Zudem umfasse Frauenförderung in diesem Bereich auch höhere Pauschalen für diversifizierte Teams oder die Anpassung der Projektlaufzeiten an Bedarfe wie Mutterschutz und Elternzeit. Mit EXIST Women sei außerdem ein Programm geschaffen worden, dass sich speziell an gründungsinteressierte Frauen richte. Neben einer finanziellen Förderung beinhalte es auch Begleitmaßnahmen wie Vernetzungsveranstaltungen, Coaching und Mentoring-Angebote. „Frauen haben gute Ideen und gründen eher impactorientiert – also genau das, was wir brauchen, um die großen Probleme der Gegenwart zu lösen. Dieses Potenzial können und dürfen wir nicht liegen lassen, führte Kellberger aus.

Den Bedarf an Veränderung unterstrich am Ende der Veranstaltung eine Umfrage unter den Teilnehmenden. Auf die Frage, wie weit sie Frauenförderung und Chancengleichheit in der Mobilitätsbranche verwirklicht sehen, gaben 39 Prozent der Befragten an, dass die Branche zwar auf einem guten Weg, aber noch mehr möglich sei. 52 Prozent waren der Meinung, dass noch zu viel geredet und zu wenig umgesetzt werde.

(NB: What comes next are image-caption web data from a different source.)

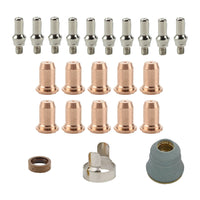 23 pcs 0.9mm Kit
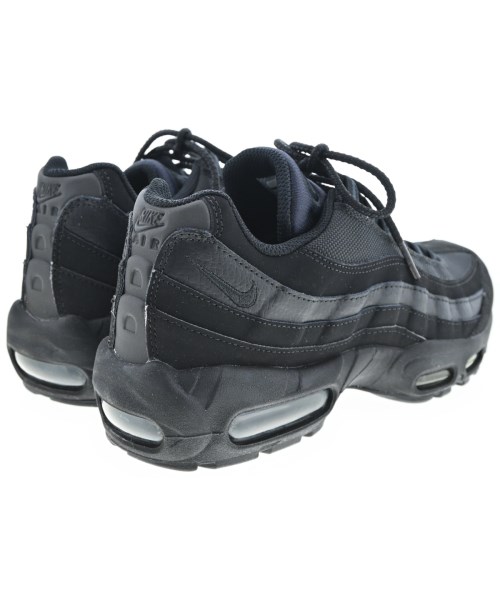 NIKE（ナイキ）スニーカー 黒 サイズ:25cm メンズ/2200613837026
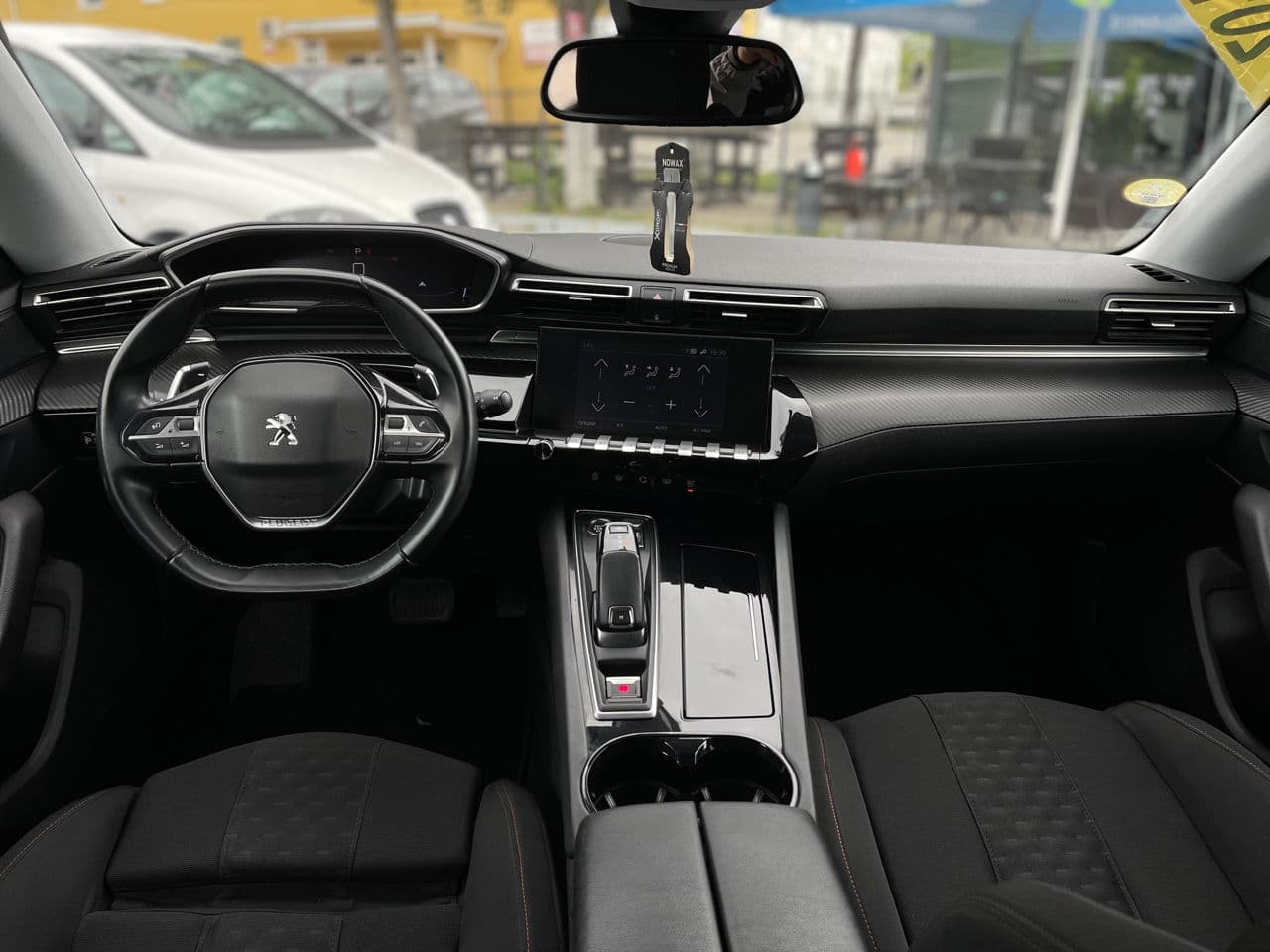 2019 Peugeot 508 — Miniatură 8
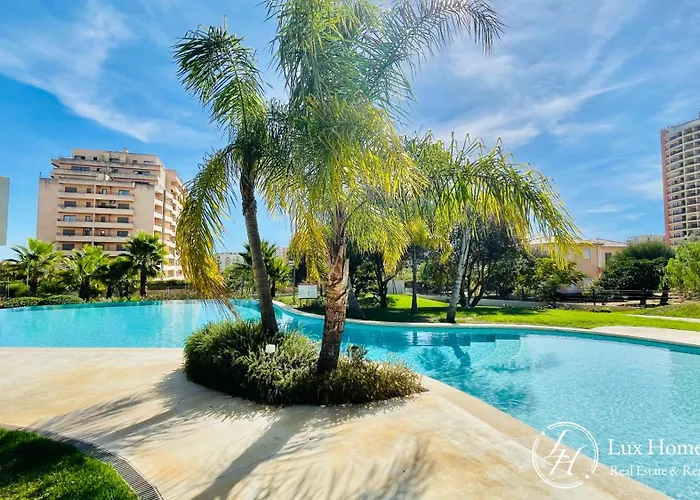 Apartamento Aljamila - Luxurious - Pool - Garden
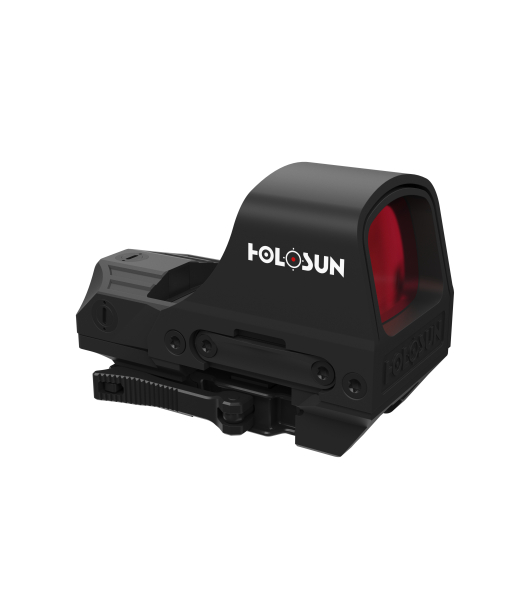 Holosun HS510C Offenes Reflex Rotpunktvisier – Bild 3
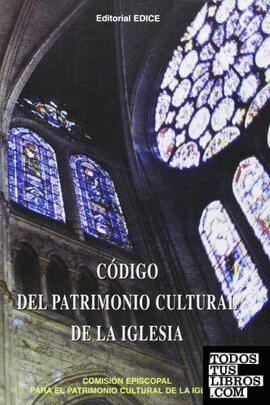 Código del patrimonio cultural de la Iglesia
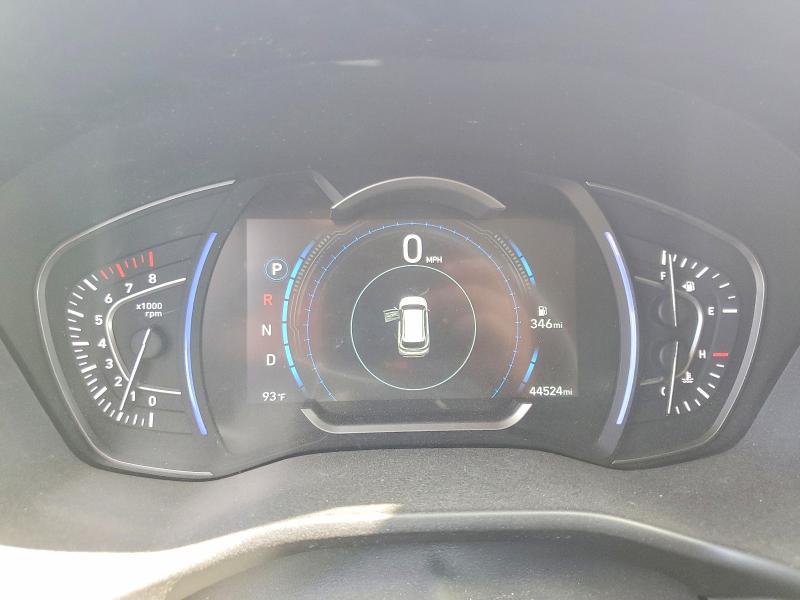 2020 Hyundai Santa fe Limited 2.0t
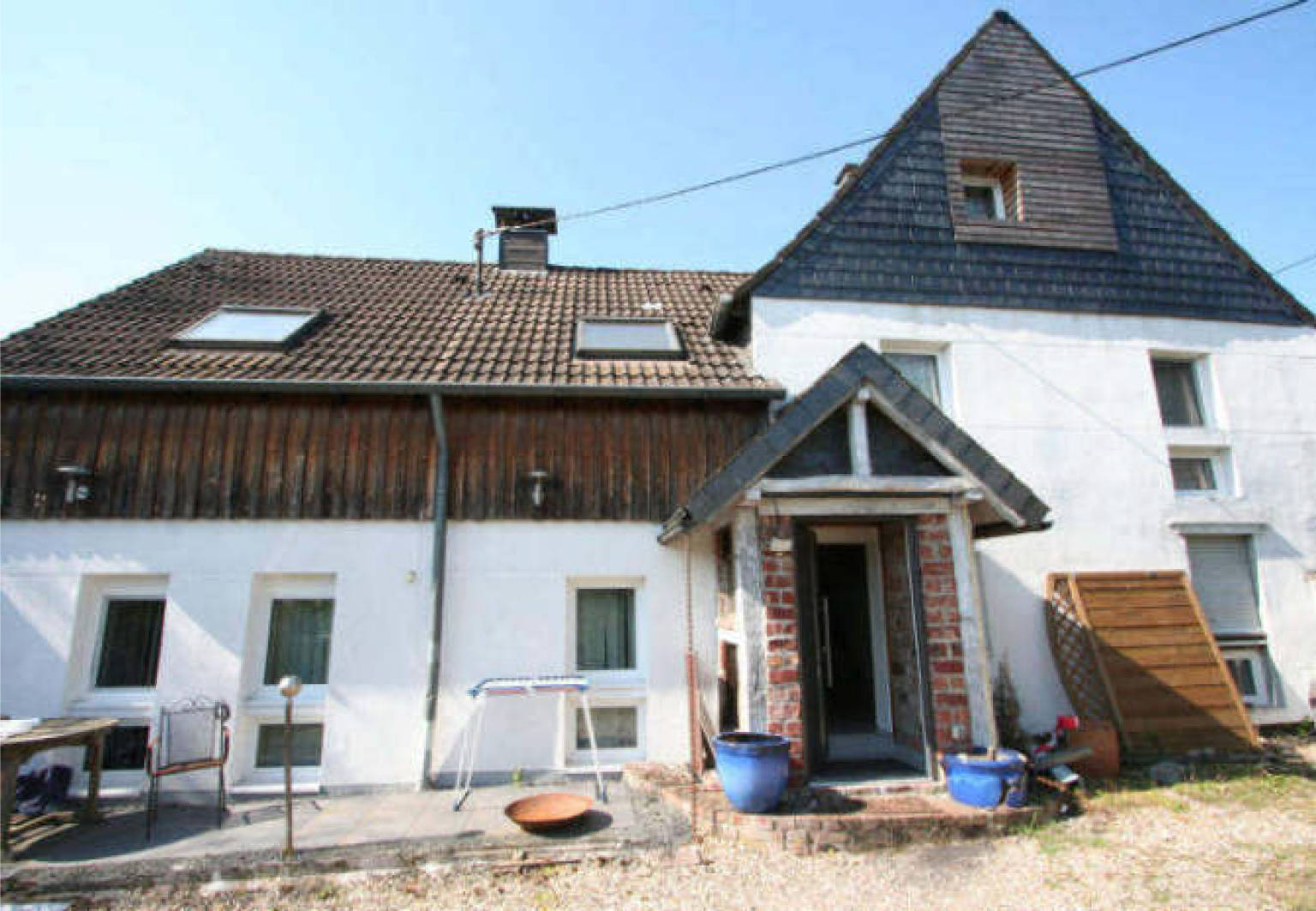 Einfamilienhaus, mit einem Nebengebäude in Flamerscheid 7, 13, 42799 Leichlingen, Witzhelden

Infografik mit Balkendiagrammen, die die Verteilung der Antworten auf die Umfrage zu Frauenförderung Chancengleichheit zeigen.  39 Prozent sagen: Auf einem guten Weg, aber da geht noch mehr. 52 Prozent sagen, es wird noch zu viel geredet und zu wenig umgesetzt. 9 Prozent sagen, auf die erste Verkehrsministerin warten wir noch lange.

Screenshot: Emmett

So antworteten die Teilnehmer*innen des WDM-Events
Von Frauenförderung profitieren alle Menschen gleichermaßen

Astrid Ullwer vom Referat DP 24 des BMDV, das das Förderprogramm mFUND organisiert und verwaltet, zeigte in ihrem Beitrag zum Abschluss der Veranstaltung auf, dass Frauenförderung auch im mFUND ein wichtiges Thema ist. Diese erfolge nicht aus einem Selbstzweck heraus, sondern um Entwicklungen zu fördern, von denen alle Menschen gleichermaßen profitieren.

Mit dem „Women for Datadriven Mobility“-Netzwerk würden weibliche Bedürfnisse in den Fokus gerückt und ihre Sichtbarkeit in der Mobilitätsbranche gestärkt. Es sei daher ein Bestandteil der Begleitforschung, der auch in Zukunft eine wichtige Rolle spielen werde.